What to produce
Once you have found the line with "Step 1: Upload" in the records below, retype it and every line after it to the end exactly, with no pictures and nothing more.

Record set
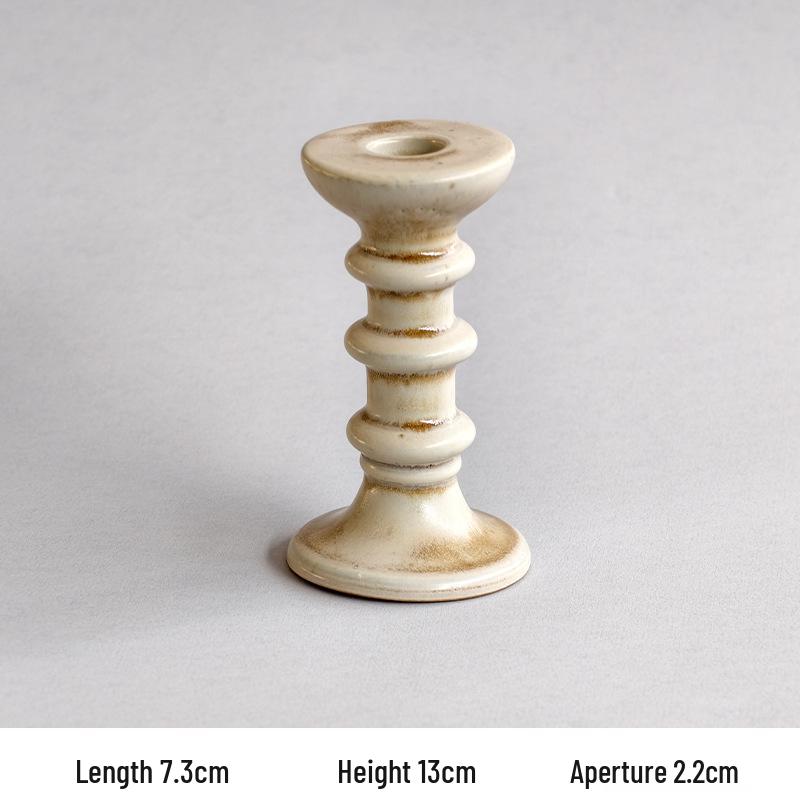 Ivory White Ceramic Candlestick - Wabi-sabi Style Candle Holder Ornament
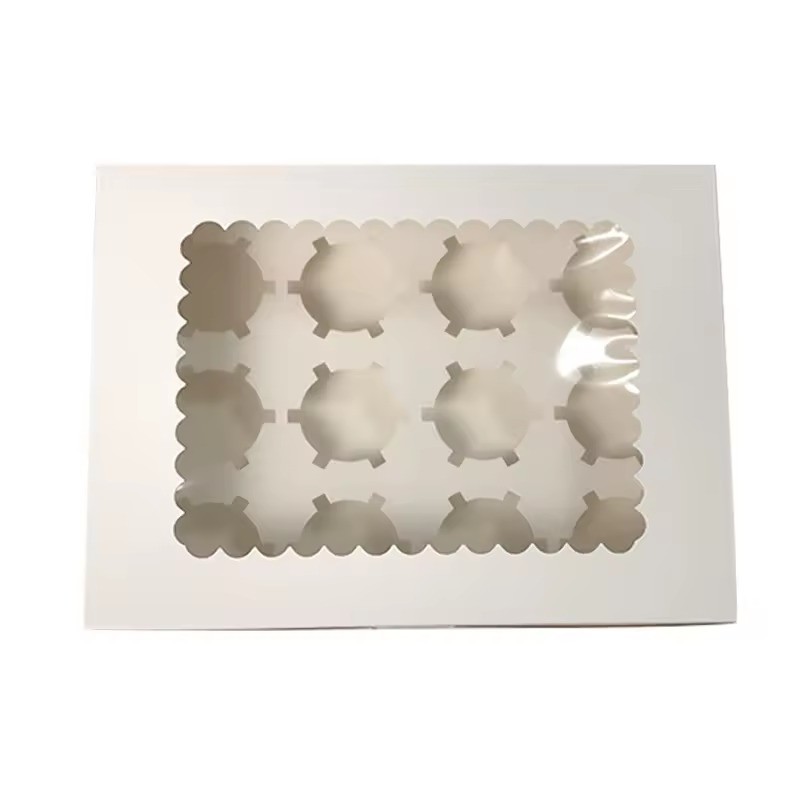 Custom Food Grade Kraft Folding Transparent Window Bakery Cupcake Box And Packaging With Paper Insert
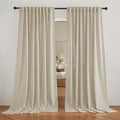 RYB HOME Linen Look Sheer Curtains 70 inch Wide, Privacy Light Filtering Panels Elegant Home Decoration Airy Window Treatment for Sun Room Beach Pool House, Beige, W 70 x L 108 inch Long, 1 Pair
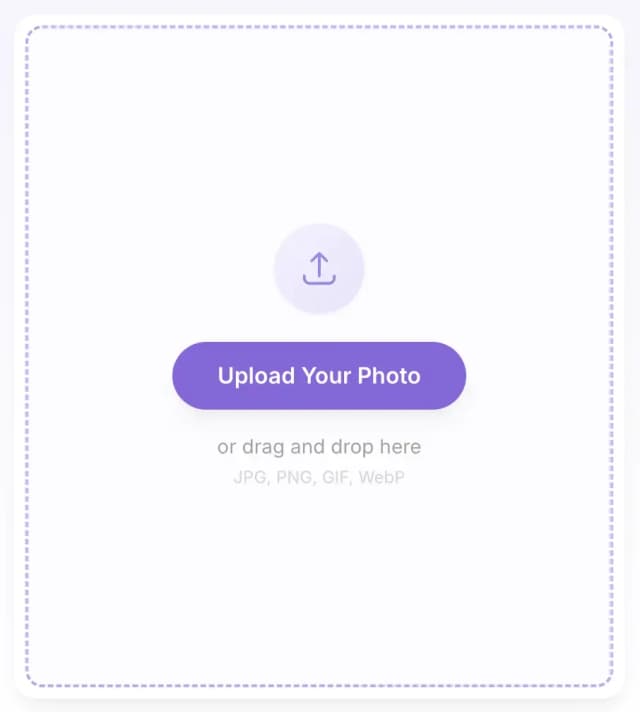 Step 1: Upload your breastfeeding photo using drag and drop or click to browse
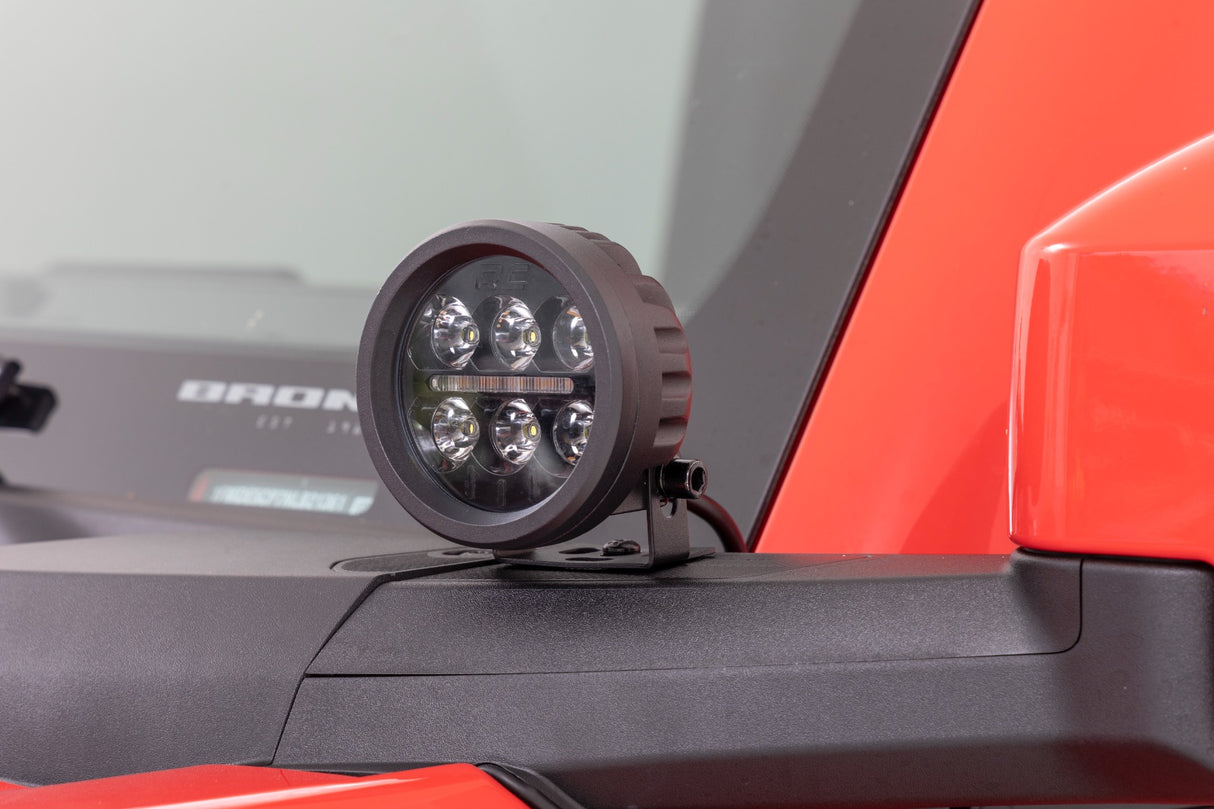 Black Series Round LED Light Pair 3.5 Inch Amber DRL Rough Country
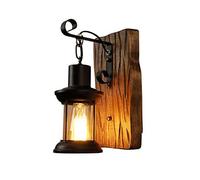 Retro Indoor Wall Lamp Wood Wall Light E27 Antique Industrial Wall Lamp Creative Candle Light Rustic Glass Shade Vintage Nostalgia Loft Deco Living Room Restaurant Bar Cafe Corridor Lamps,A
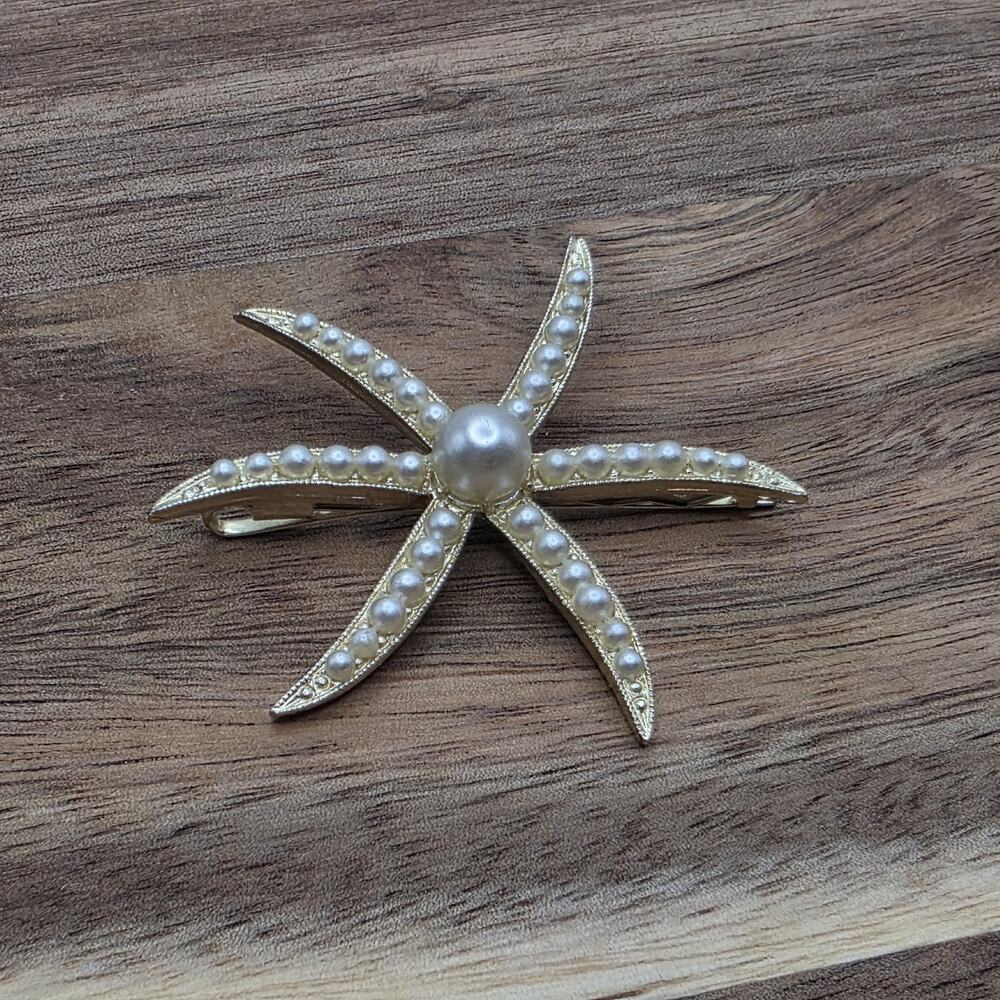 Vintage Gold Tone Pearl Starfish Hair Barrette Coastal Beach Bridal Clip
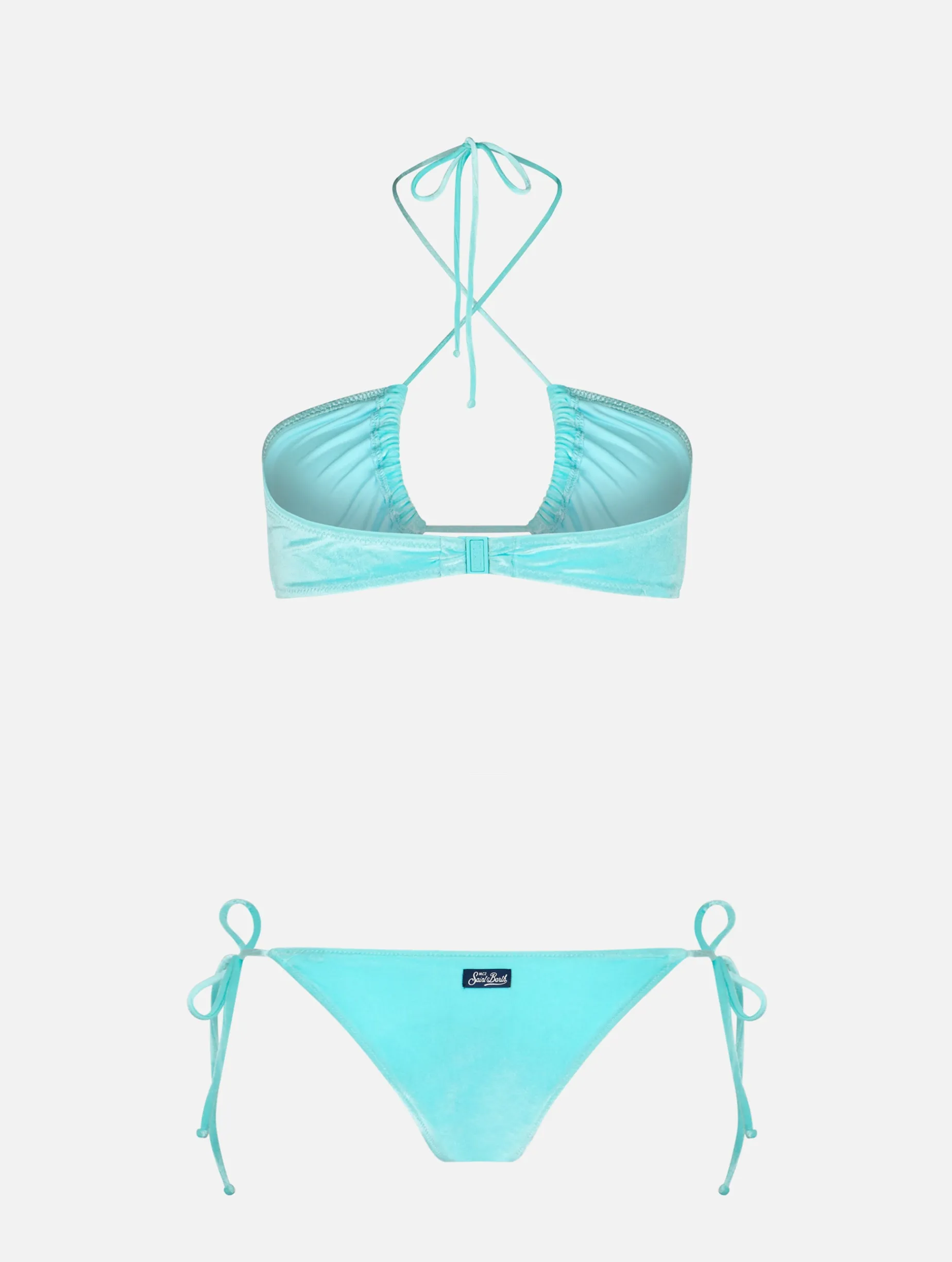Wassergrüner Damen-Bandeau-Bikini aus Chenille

Solution for this task
 Step 1: Upload your breastfeeding photo using drag and drop or click to browse
 Black Series Round LED Light Pair 3.5 Inch Amber DRL Rough Country
 Retro Indoor Wall Lamp Wood Wall Light E27 Antique Industrial Wall Lamp Creative Candle Light Rustic Glass Shade Vintage Nostalgia Loft Deco Living Room Restaurant Bar Cafe Corridor Lamps,A
 Vintage Gold Tone Pearl Starfish Hair Barrette Coastal Beach Bridal Clip
Wassergrüner Damen-Bandeau-Bikini aus Chenille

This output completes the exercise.